- Data extract:
[Start of Attachment]

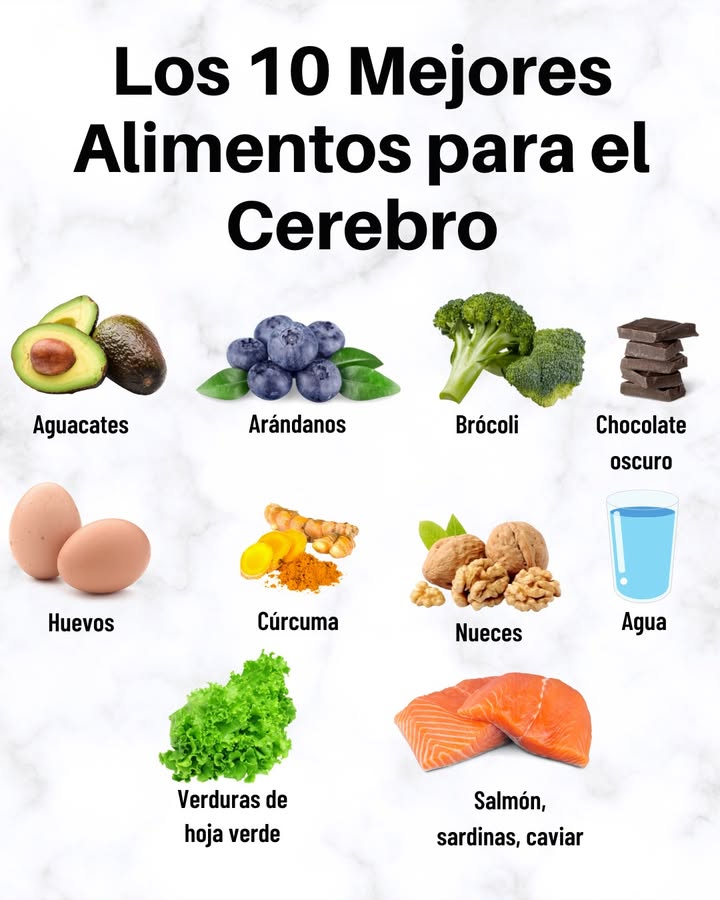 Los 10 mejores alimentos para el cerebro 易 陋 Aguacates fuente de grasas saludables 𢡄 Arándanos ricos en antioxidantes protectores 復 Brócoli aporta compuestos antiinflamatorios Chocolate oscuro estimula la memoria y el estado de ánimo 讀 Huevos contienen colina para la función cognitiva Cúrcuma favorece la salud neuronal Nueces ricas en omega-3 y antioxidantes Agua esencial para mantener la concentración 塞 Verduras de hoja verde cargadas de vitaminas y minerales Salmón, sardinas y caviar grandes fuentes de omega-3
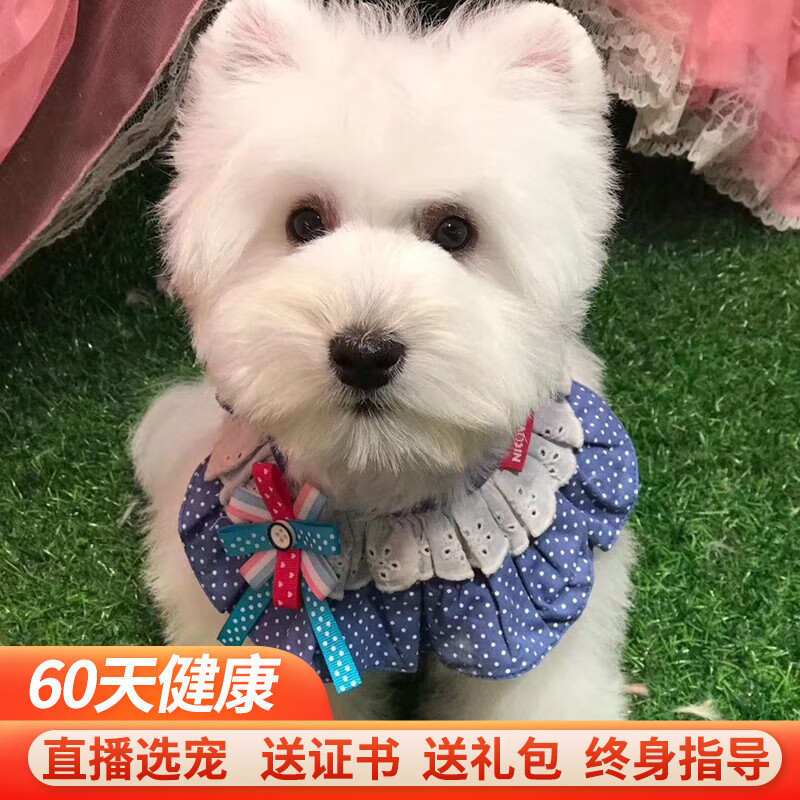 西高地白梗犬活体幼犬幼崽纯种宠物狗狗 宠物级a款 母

[End of Attachment]
[Start of Attachment]

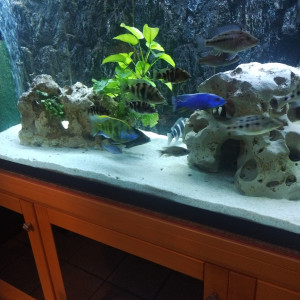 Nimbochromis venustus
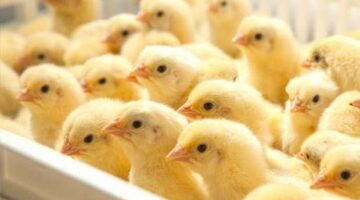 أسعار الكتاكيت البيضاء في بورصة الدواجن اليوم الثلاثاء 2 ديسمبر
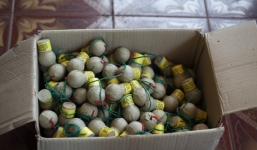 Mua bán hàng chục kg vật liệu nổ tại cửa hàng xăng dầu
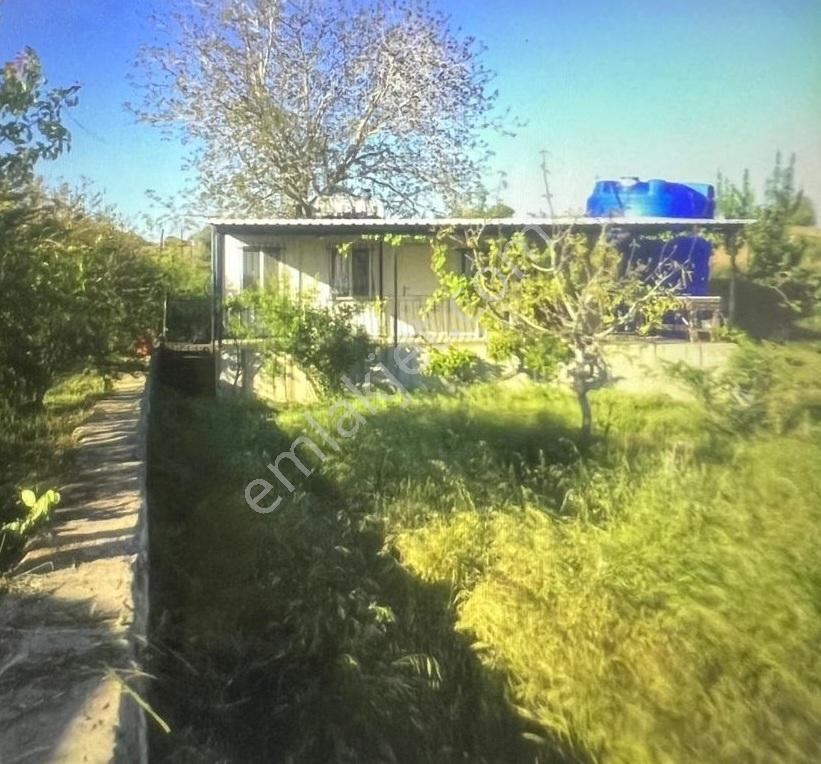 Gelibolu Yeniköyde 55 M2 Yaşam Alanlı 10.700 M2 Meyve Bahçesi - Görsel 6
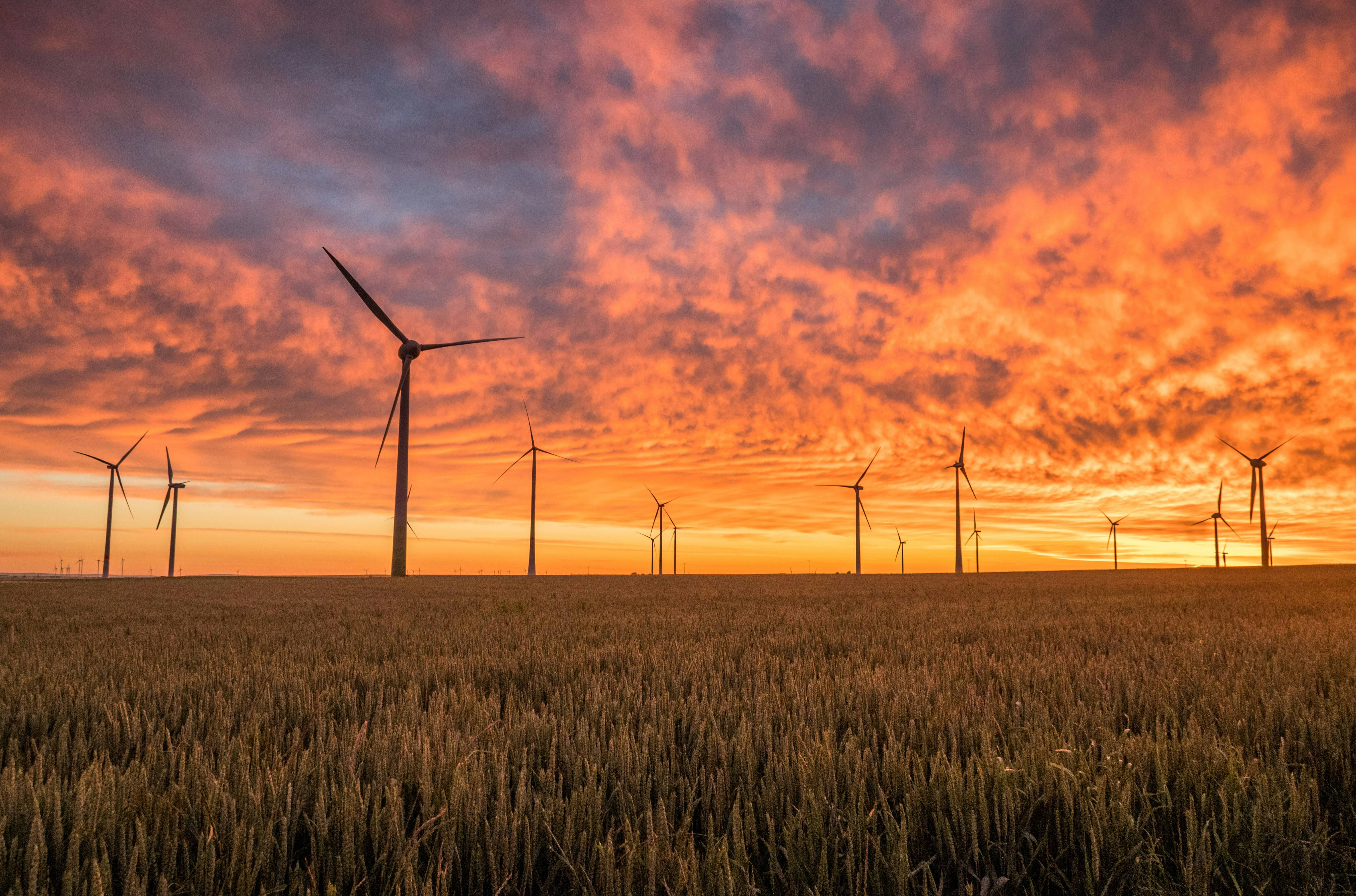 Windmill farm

[End of Attachment]

- The problem:
Reproduce exactly the lines above that run from the one with "Gelibolu Yeniköyde 55" to the one with "Windmill farm", both included, leaving pictures out.

- Solution to this exercise:
 Gelibolu Yeniköyde 55 M2 Yaşam Alanlı 10.700 M2 Meyve Bahçesi - Görsel 6
 Windmill farm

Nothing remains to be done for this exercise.